Arithmetic Expressions
-
- <Exp> ::= <Exp> + <Term> |
- <Exp> - <Term> |
- <Term>
- <Term>
- <Term> ::= <Term> * <Factor> |
- <Term> / <Factor> |
- <Factor>
- <Factor>
- <Factor> ::= x | y | ... |
- ( <Exp> ) |
- - <Factor>
A grammar for the concrete syntax of simple arithmetic expressions
- Non-terminal symbols:
- <Exp>, <Term>, <Factor>
- Terminal symbols:
- +, -, *, /, (, ), x, y, z, ...
- Start symbol:
- <Exp>
- Production rules as above.
- Note the following are meta symbols:
- ::= (read it as "can be replaced by")
- -> is alternative notation for ::=,
- | (read it as "or by")
e.g. An <Exp> can be replaced by <Exp> + <Term> or by <Exp> - <Term> or by <Term>.

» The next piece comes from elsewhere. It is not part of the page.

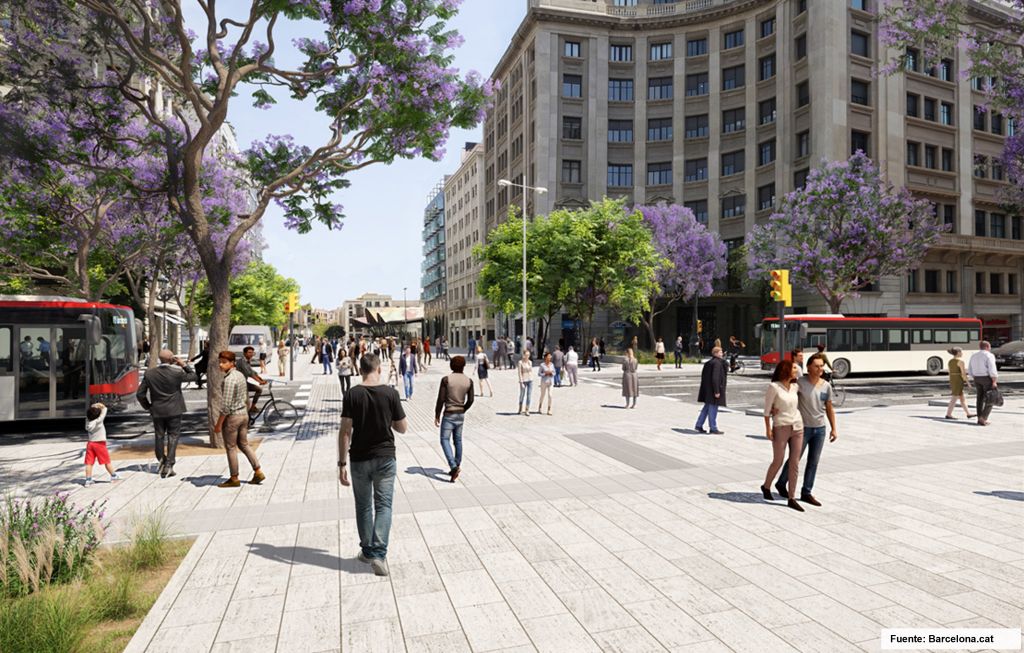 Renovación urbana en Barcelona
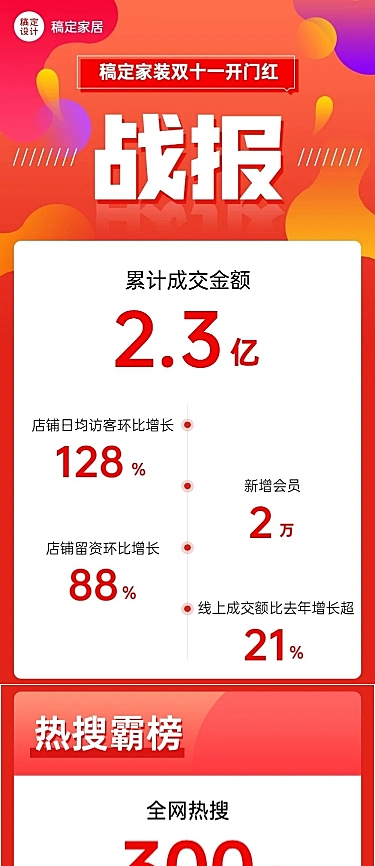 双十一业绩战报喜报数据总结长图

Note that the production (replacement) rules for <Exp>, <Term> and <Factor> are recursive. The rule for <Exp> states that an Expression is a list of Terms separated by `+' or `-' symbols. A Term is a list of Factors separated by `*' or `/' symbols. A Factor is a variable (x, y, ...), or a parenthesized sub-expression, or a unary `-' followed by a Factor.

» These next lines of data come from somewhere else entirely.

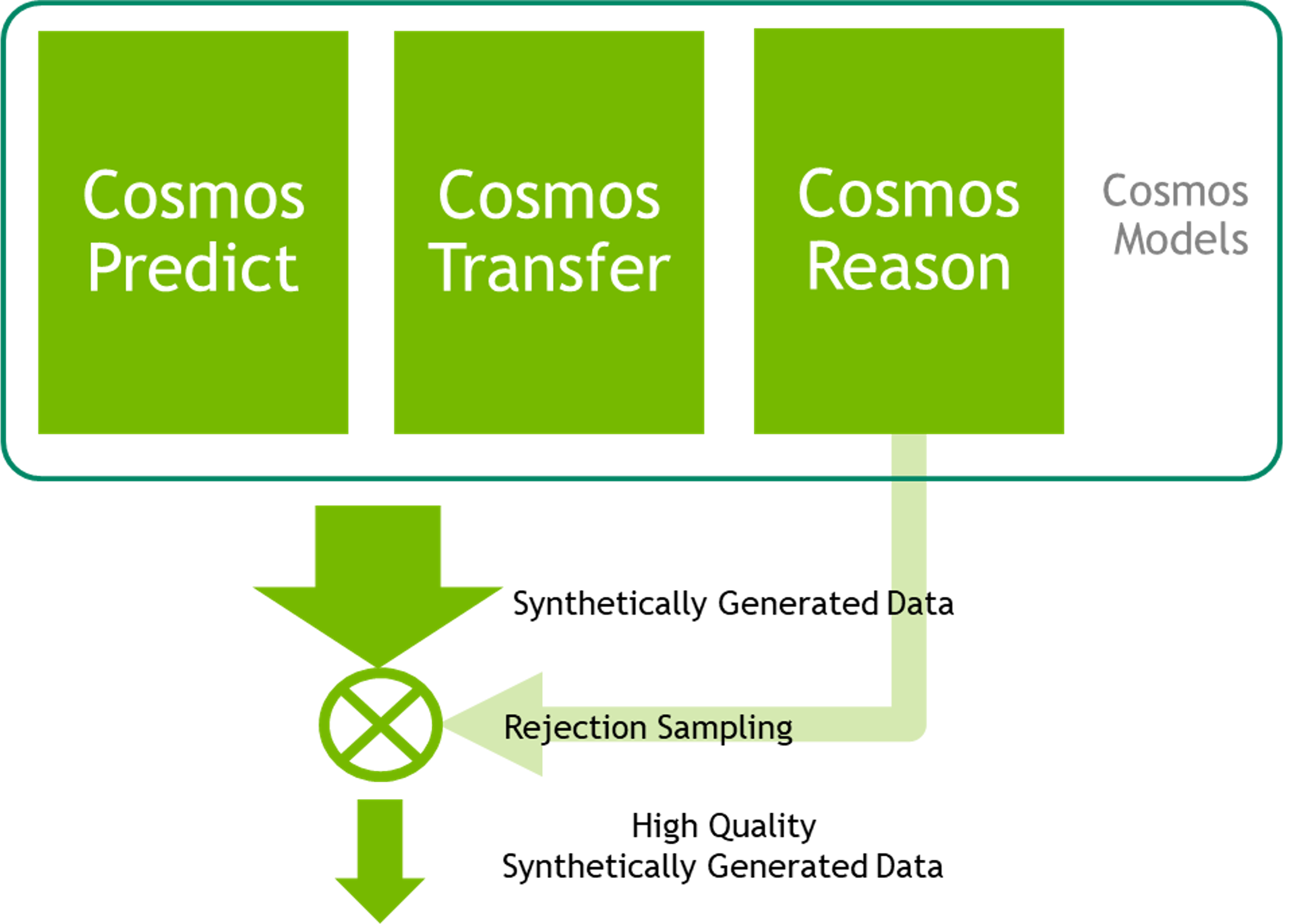 Data filtering pipeline with Cosmos Reason 2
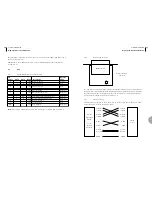 Preview for 29 page of ASCOM AM 64/1024A User Manual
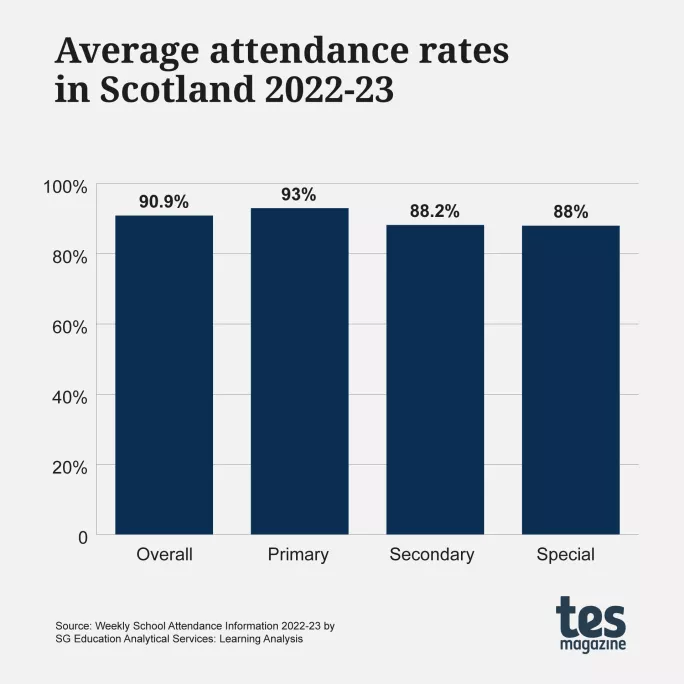 school attendance Scotland 2022-23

The operators `*' and '/' bind more tightly to their operands than `+' and binary `-' because `*' and '/' appear in the rule for <Term>, closer to the operands (<Factor>). Unary `-' binds most tightly of all operators.
The rules for <Exp> and <Term> are left recursive. This is because `+', `-', `*' and `/' are left associative: `a-b-c' gives the same parse tree as `(a-b)-c', not `a-(b-c)'.

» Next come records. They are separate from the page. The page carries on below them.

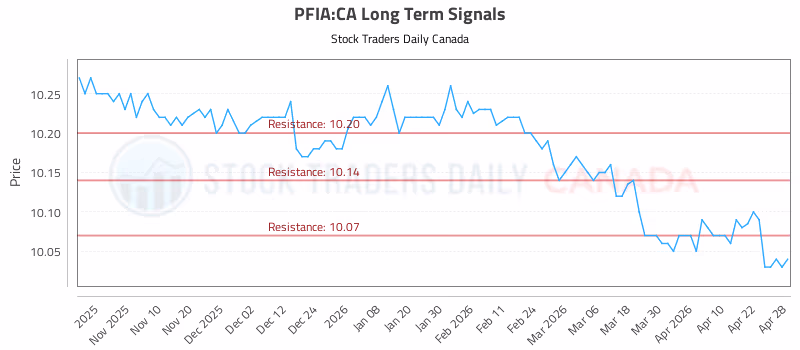 Stock Chart for PFIA:CA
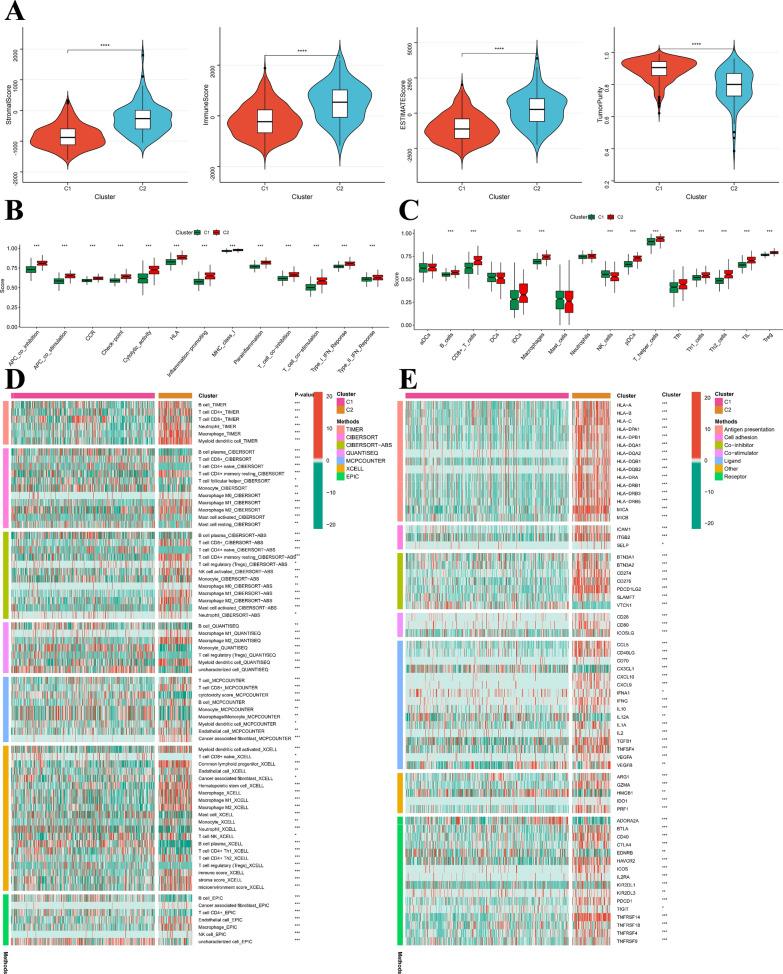 https://cdn.ncbi.nlm.nih.gov/pmc/blobs/f75c/10474752/1e32869ef209/12967_2023_4468_Fig10_HTML.jpg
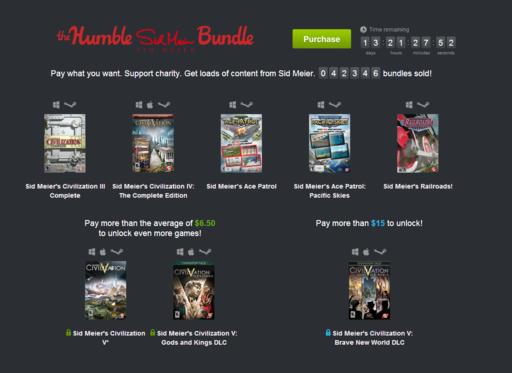 Цифровая дистрибуция - Новое предложение от Humble Sid Meier Bundle!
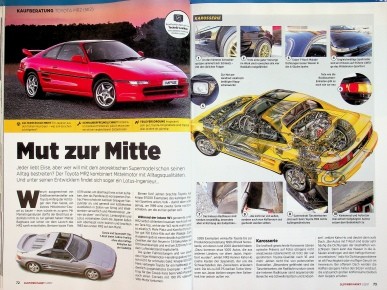 Oldtimer markt 3802 tips für - oldtimer,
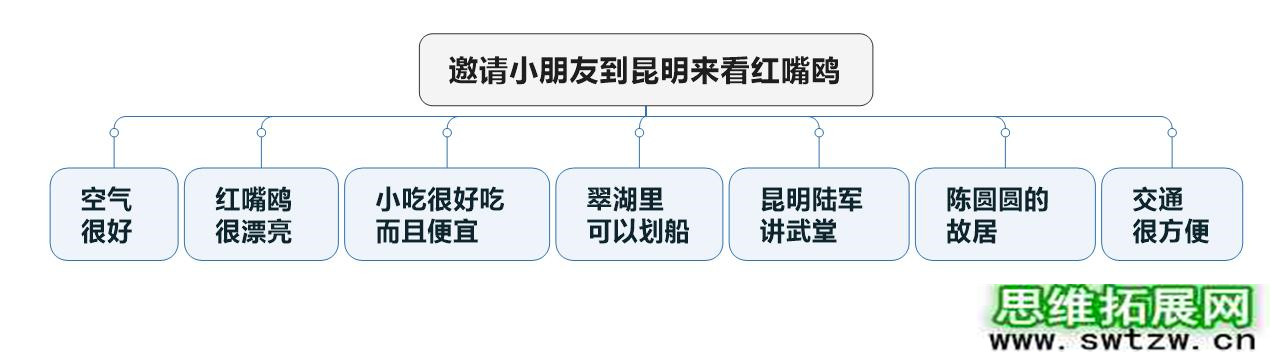 如何提高口才和沟通能力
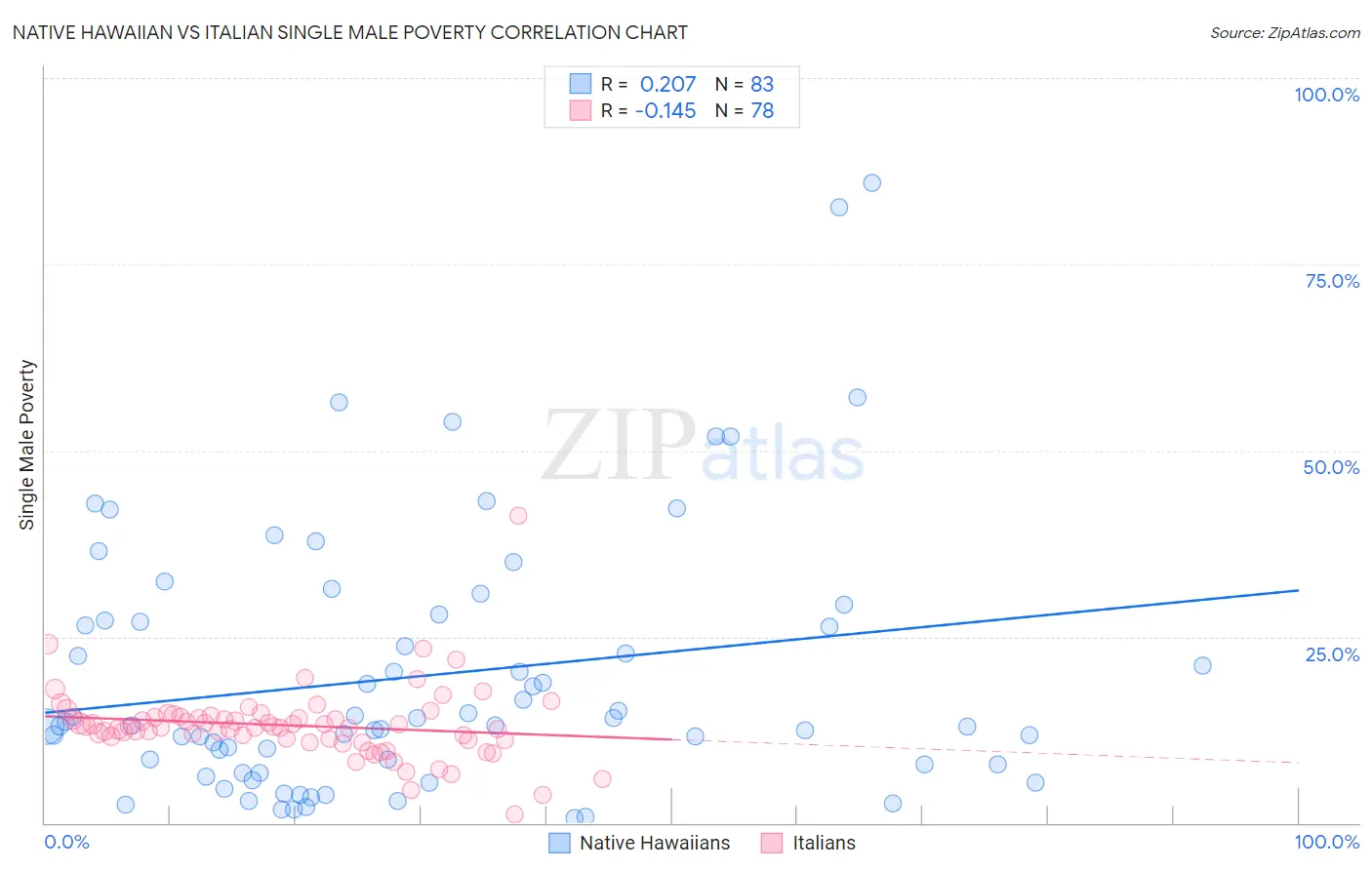Native Hawaiian vs Italian Single Male Poverty
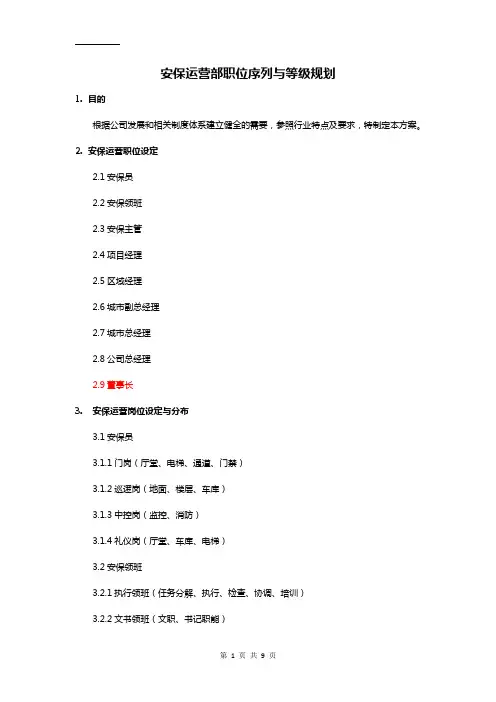 运营部职位序列与等级方案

A grammar like this can be turned into a "recursive descent parser" (a program) by writing a routine for each non-terminal in the grammar. The routines call each other as specified by the replacement rules. Left recursion, that is a replacement that begins with a recursive non-terminal, must be removed so that the parser does not loop. A simple parser of this type can be found in [Parser.c (click)] or [*.java] or [exp.sml].
1. x+y*z:
- <Exp> => <Exp> + <Term> => <Term> + <Term> => <Factor> + <Term> => x + <Term> => x + <Term> * <Factor> => x + <Factor> * <Factor> => x + y * <Factor> => x + y * z
x+y*z: Full derivation-tree of non-terminals and replacements.
The result of parsing is often returned as a parse-tree based on a simpler abstract syntax. The abstract syntax corresponds to the datatype of parse trees returned by the parser.
x+y*z: Parse tree.
2. (x+y)*z:
Parentheses '(' and ')' can be used to force a different parsing:
(x+y)*z: Full derivation-tree of non-terminals and replacements.
(x+y)*z: Parse tree.
Note that parentheses do not appear in any parse tree. They directed the parser to build a certain tree and after that they are unnecessary. The structure of the tree shows the binding of operators to operands without the need for (). Parentheses are only needed in strings.